Saint Germain des Prés Paris District, France


Saint Germain des Prés Paris District, France


How to get there

The best way to the St-Germain the neighbourhood is to start by taking the Pont des Arts which is located at the Louvre. You will pass by teh Ile de la Cité, then the Tour St.-Jacques and then the Hotel de Ville. Finally, you will be on the Left Bank. Directly in front of you is the Institut de France (the building with the beautiful Dome). This is the seat of the Académie Française, where a body of writers and scholars meet to preserve the purity of the French language.
However, it is the northern half of the 6th arrondissement (at the place St. Germain des Prés), where tourists like parisians are moslty attracted. The Saint Germain des Près has the money, elegance and sophistication, as well as, a mixter of trend-setters in the arts, philosophy and politics.
What to see
Place St-Germain-des-Prés, with such popular places like the Deux Magot café and Café Flore and Brasserie Lipp not far. Each having its own reputation and style.
And not to forget the Church of Saint Germain des Près, built back in the 6th century, was an enormous Benedictine monastery.
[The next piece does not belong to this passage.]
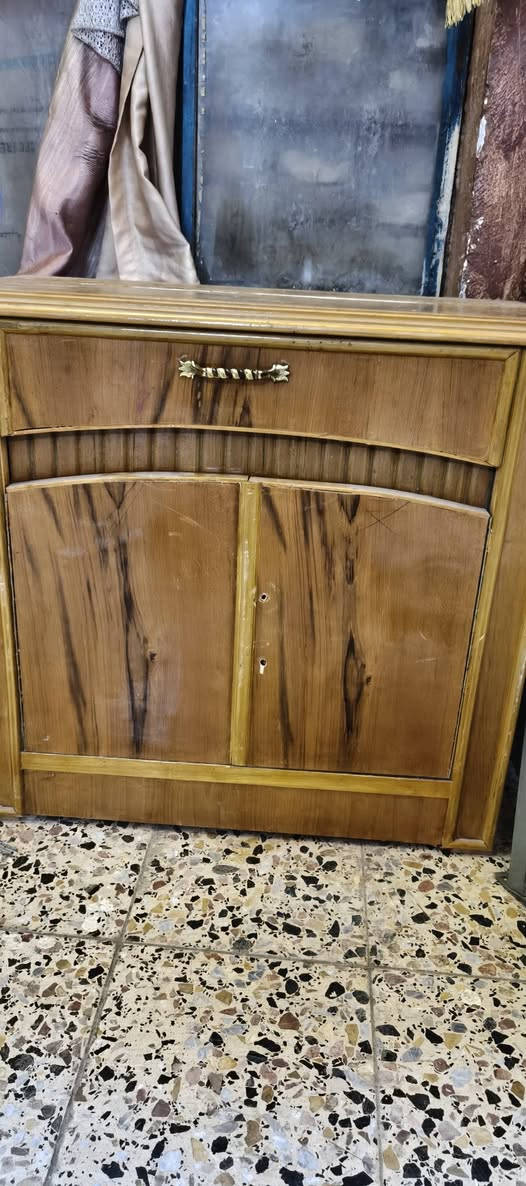 سلام عليكم ميز ابو جرارات 4 تركي كلش نضيف مستعمل قليل سعر 60 وبي مجال كوشايات مال قنفات لعدد 6 سعرهن 10 جدد ما مستعدمات ميز خشب صاج مستعمل قليل 2 ابواب وجرار سعر 35 وبي مجال دب لحجم كلش كبير سعر 25 وبي مجال عنواني بصره حيانيه البصرة, العراق


**إذا كنت صاحب هذا الإعلان وتريد حذفه لأي سبب، رجاءا أرسل رسالة إلى الدعم الفني**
The interior, with its Romanesque lines still clear under the deforming paint of nineteenth-century frescoes. In the corner of the churchyard by the rue Bonaparte, a little Picasso head of a woman is dedicated to the memory of the poet Apollinaire.
History and Surroundings
The riverside part of the the neighbourhood is divided lengthways by the rue St-André-des-Arts and the rue Jacob. It is full of bookstores, art galleries, antique stores, cafés and restaurants. Take a look into the courtyards and the side streets. The houses are four to six stories high, seventeenth- and eighteenth-century, and painted in infinite gradations of grey, pearl and off-white.
Historical associations are legion. Molière started his career in rue Mazarine. In the rue Visconti Racine died, Delacroix painted and Balzac's printing business went bust. In parallel rue des Beaux-Arts, Oscar Wilde died, Corot and Ampère, father of amps, lived, and crazy poet Gérard de Nerval walked a lobster on a lead.